DISCOVERY TECHNOLOGIES


DNA-encoded chemical libraries: The isolation of specific binding molecules is a formidable challenge in the drug discovery process. DNA-encoded chemical libraries promise to revolutionize the way organic ligands to pharmaceutical targets are isolated. Such libraries consist of a collection of organic molecules each covalently coupled to a distinctive DNA tag that serves as an amplifiable identification bar code. No screening assay is required, which allows tackling of historically difficult target proteins, such as components involved in protein-protein interactions.

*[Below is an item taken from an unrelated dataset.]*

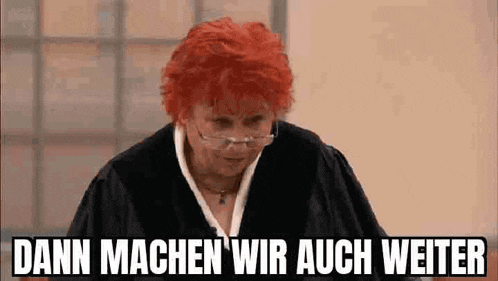 a woman with red hair and glasses is standing in front of a window and says dann machen wir auch weiter .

a) Schematic representation of the Philochem DNA-encoded chemical libraries. b) Typical graphical representations of the library after selection and high-throughput sequencing characterization.

 

Discovery of Vascular Targets:The development of novel therapeutic antibodies and other vascular targeting agents crucially relies on the identification of novel vascular antigens, abundantly expressed and/or selectively accessible in diseased tissue compared to normal tissues. In collaboration with the ETH Zurich, Philochem has developed a perfusion-based chemical proteomic technique for the selective enrichment of proteins accessible from the vasculature and pioneered the area of label-free MALDI-MS-based protein quantification.

 

Antibody Libraries: Recombinant antibody technology has revolutionized the way monoclonal antibodies are isolated, both for research applications and for the development of pharmaceutical products. Philochem has developed ‘single-pot’ libraries containing billions of antibodies, suitable for the isolation of high-quality binders against virtually any protein target of interest. A number of human monoclonal antibodies isolated from Philochem’s libraries have progressed to advanced clinical trials.

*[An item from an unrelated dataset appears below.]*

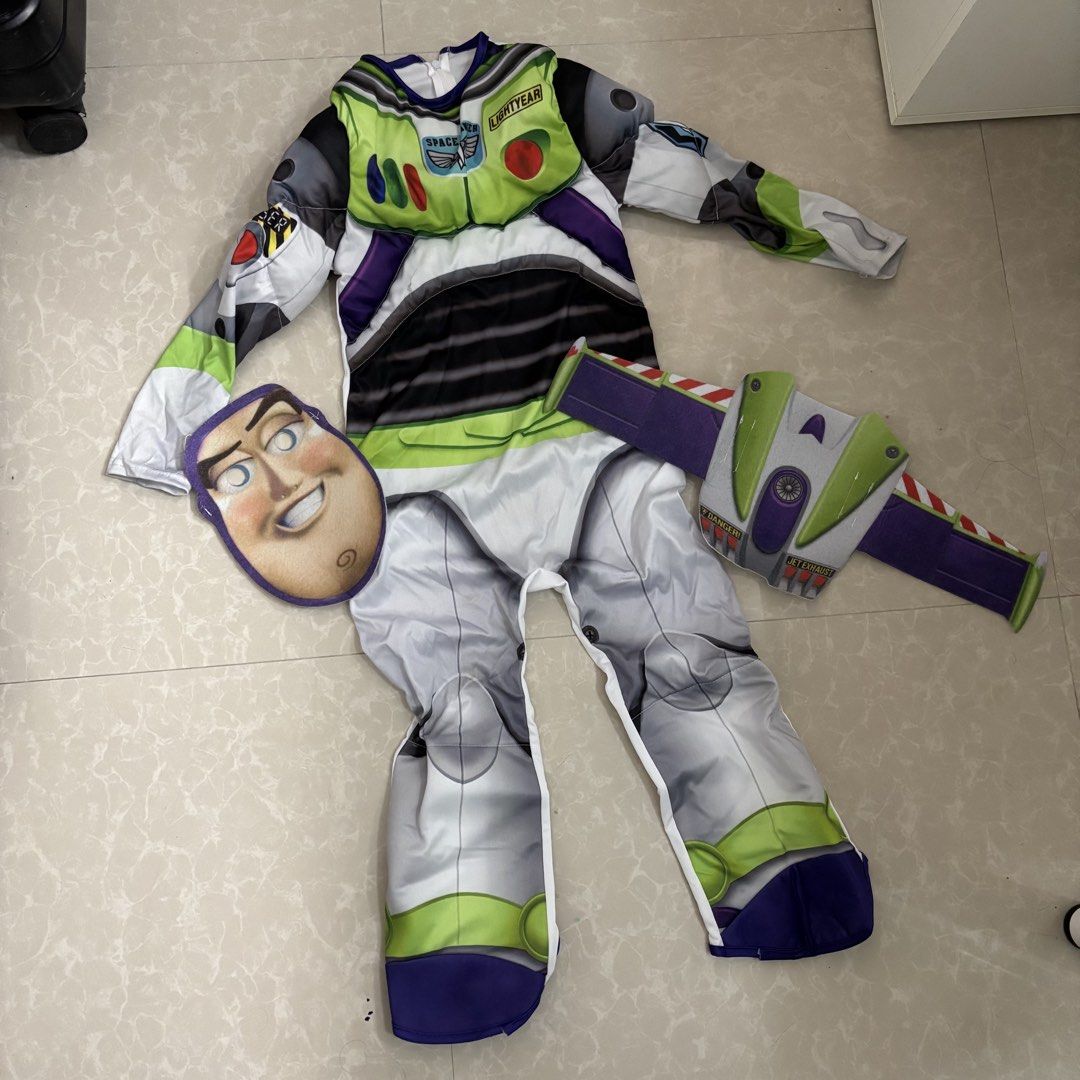 Toy Story Buzz Lightyear Costume (Category: Babies & Kids Fashion) located in Makati City. Submitted by dianedelro (Listing ID 1467947903, Image 1). Description: - Toy Story Buzz Lightyear costume set - Full jumpsuit with printed control panel on chest and sleeves - Matching felt mask included - Separate printed belt with velcro attachment - Made from lightweight, comfortable fabric - Ideal for Halloween, birthdays, and dress-up parties.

The selected high affinity antibody specific for the desired antigen is reformatted from scFv to different antibody or immunocytokine formats.

 

Antibody Derivatives: Philochem is active in innovative projects, focused on the modification of antibodies for pharmaco-delivery applications. The main areas of activity include the fields ofantibody-drug conjugates, immunocytokines and radio-labelled antibodies.

Schematic representation of antibody-drug conjugate effect: Long residence time of specific antibodies on the tumor neo-vasculature is ideally suited for a slow release of a potent cytotoxic drug by virtue ofjudiciously chosen linker lability, leading to drug-indiced cell death.